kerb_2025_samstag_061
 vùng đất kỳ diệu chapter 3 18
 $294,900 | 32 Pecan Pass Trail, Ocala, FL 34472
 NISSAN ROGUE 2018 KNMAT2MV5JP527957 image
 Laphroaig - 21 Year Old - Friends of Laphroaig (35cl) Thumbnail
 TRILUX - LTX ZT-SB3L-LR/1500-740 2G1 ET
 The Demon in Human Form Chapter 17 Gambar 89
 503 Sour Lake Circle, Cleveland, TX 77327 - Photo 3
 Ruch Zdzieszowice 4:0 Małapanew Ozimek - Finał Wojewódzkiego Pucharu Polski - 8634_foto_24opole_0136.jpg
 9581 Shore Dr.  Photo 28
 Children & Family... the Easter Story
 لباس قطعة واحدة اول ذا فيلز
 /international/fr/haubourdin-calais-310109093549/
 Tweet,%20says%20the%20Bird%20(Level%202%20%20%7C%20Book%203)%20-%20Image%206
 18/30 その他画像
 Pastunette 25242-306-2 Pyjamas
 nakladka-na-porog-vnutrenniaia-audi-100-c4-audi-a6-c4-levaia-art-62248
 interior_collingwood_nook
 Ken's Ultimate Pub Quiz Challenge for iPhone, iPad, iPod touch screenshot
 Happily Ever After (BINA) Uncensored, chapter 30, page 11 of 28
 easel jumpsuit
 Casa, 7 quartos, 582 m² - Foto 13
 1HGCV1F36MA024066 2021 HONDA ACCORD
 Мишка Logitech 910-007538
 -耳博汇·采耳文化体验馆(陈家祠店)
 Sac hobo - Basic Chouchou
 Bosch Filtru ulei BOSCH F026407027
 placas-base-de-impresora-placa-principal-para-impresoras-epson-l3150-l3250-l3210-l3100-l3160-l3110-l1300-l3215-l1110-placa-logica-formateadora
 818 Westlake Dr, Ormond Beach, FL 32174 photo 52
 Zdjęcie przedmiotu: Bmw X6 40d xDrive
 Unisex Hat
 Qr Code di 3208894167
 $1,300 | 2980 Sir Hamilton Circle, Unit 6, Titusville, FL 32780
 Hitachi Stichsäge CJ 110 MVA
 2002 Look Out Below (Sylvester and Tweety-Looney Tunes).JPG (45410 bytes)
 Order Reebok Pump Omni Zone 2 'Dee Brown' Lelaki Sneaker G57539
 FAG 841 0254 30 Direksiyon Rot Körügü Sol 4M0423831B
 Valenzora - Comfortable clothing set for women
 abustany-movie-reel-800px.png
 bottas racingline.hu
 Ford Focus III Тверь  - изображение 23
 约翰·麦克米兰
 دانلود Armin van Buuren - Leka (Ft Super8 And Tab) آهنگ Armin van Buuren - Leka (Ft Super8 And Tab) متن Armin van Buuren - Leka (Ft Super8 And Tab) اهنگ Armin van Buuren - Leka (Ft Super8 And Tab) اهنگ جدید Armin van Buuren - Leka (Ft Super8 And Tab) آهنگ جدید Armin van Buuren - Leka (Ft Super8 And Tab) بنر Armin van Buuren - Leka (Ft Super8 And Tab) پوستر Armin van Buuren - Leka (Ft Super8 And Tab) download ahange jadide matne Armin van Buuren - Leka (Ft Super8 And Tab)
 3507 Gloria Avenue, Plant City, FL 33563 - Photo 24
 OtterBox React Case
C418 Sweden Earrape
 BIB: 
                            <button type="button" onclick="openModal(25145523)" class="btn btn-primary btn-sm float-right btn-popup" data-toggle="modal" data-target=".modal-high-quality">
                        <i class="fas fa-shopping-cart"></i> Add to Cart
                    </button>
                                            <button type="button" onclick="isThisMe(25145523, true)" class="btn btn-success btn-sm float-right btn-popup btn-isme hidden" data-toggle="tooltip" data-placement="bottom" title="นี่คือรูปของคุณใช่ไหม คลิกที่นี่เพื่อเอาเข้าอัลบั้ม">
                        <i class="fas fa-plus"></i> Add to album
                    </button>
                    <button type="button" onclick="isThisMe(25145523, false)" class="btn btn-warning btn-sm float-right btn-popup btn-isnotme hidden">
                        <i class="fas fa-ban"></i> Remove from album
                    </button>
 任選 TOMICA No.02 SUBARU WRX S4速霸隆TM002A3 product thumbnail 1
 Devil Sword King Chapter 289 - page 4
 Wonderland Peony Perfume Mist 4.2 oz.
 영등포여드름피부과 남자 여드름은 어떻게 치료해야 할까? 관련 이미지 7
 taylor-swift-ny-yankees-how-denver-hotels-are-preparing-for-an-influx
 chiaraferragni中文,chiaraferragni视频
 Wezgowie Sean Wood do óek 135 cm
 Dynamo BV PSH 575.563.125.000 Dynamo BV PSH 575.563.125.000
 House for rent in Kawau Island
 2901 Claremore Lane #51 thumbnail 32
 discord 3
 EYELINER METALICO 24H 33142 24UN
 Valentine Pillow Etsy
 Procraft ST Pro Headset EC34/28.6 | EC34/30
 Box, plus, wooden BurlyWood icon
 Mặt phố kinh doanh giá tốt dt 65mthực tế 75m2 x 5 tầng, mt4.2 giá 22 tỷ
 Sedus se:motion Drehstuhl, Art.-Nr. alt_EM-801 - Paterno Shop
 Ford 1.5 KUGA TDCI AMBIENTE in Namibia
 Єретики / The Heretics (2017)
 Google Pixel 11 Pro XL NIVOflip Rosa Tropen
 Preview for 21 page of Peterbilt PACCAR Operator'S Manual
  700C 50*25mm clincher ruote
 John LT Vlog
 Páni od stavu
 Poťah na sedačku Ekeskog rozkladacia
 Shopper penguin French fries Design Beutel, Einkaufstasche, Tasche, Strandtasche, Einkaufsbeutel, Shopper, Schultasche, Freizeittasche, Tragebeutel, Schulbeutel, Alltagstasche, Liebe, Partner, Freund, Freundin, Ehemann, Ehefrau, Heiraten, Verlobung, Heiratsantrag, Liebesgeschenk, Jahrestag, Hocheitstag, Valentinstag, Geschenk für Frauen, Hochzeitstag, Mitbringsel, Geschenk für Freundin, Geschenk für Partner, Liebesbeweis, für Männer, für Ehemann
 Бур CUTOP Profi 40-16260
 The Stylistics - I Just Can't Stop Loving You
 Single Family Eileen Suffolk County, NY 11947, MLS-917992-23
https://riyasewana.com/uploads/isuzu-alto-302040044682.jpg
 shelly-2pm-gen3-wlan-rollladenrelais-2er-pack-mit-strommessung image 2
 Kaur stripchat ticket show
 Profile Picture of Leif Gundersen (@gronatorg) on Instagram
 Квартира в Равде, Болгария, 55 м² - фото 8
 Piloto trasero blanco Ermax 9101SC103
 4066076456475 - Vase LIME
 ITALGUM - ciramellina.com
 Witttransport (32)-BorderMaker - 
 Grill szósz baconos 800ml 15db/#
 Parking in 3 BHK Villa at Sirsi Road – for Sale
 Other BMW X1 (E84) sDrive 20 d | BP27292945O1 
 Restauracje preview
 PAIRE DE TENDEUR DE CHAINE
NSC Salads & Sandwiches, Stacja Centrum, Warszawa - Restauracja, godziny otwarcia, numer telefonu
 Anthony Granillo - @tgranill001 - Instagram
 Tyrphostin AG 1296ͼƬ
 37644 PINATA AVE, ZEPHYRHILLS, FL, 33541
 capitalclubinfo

## What the exercise asks
In the material above, find every line that has the string "plus" and pull those lines out.

## Expected answer
                        <i class="fas fa-plus"></i> Add to album
 Box, plus, wooden BurlyWood icon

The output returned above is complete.